Conventional wisdom would suggest that oranges and orange juice are the best sources of vitamin C but this is not the case. Foods such as broccoli, cabbage, peppers, tomatoes and kiwi fruit are better sources. We could go one step further in this proliferation phase and think about the type of connective tissue we are trying to effect. For example if we are trying to improve the healing of bone injuries would could think about getting more vitamin D from liver, butter and dairy and foods rich in vitamin K which include the green leafy vegetables. These vitamins help stimulate bone formation. If we are trying to repair muscles we need to think about the branched chain amino acids and perhaps supplement them in the form of a branched chain amino acid supplement a protein shake or simply dairy products. Joint tissues such as articular cartilage are made from proteoglycans which are protein and sugar compounds that include sulphur. So if we are thinking about repairing cartilage we could use nutrients such as glucosamine and chondroitin in supplement form as well as food rich in sulphur foods like eggs, broccoli, cabbage, leeks and onions.

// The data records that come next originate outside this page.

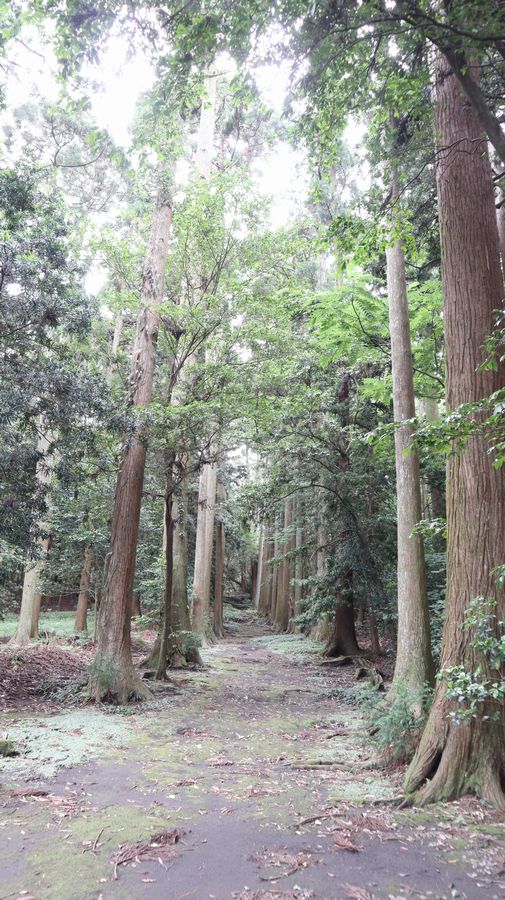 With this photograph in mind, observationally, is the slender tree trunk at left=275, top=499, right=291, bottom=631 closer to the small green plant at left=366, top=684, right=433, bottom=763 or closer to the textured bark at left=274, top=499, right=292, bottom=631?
the textured bark at left=274, top=499, right=292, bottom=631

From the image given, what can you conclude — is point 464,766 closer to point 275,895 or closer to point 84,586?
point 275,895

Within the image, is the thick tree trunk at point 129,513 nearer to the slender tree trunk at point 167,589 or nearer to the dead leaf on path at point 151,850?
the slender tree trunk at point 167,589

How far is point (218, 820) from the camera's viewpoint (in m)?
4.10

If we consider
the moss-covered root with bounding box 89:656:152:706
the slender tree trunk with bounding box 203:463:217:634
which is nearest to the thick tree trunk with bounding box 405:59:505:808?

The sulphur is what makes these foods quite smelly.
Notice the common thread with this type of nutrition is that it is rich in animal proteins and vegetables which should make up the majority of the diet, with the addition of small amounts of fruits, nuts, seeds and some whole grains to create balance and provide fibre and antioxidants.
The last thing to think about when recovering from an acute injury is hydration. We often only think of hydration, or actually dehydration in terms of performance. However considering that most of your body is made of water it now seems obvious to make sure you are adequately hydrated when recovering from an injury. Most of the muscle and cartilage is water that is locked into the tissue by the protein and proteoglycan content, even bone is up to 25% water. So consider drinking 1 to 2 litres of plain water a day depending on how much you weigh (this can include green tea, a coffee and a protein shake after your rehab exercises) but avoid alcohol (except the odd glass of red wine that contains flavanoids) soda AND diet soda drink and fruit juice.
So now we can see that with a little bit of though and diet manipulation we can enhance our bodies innate ability to heal itself though certain foods and nutrients.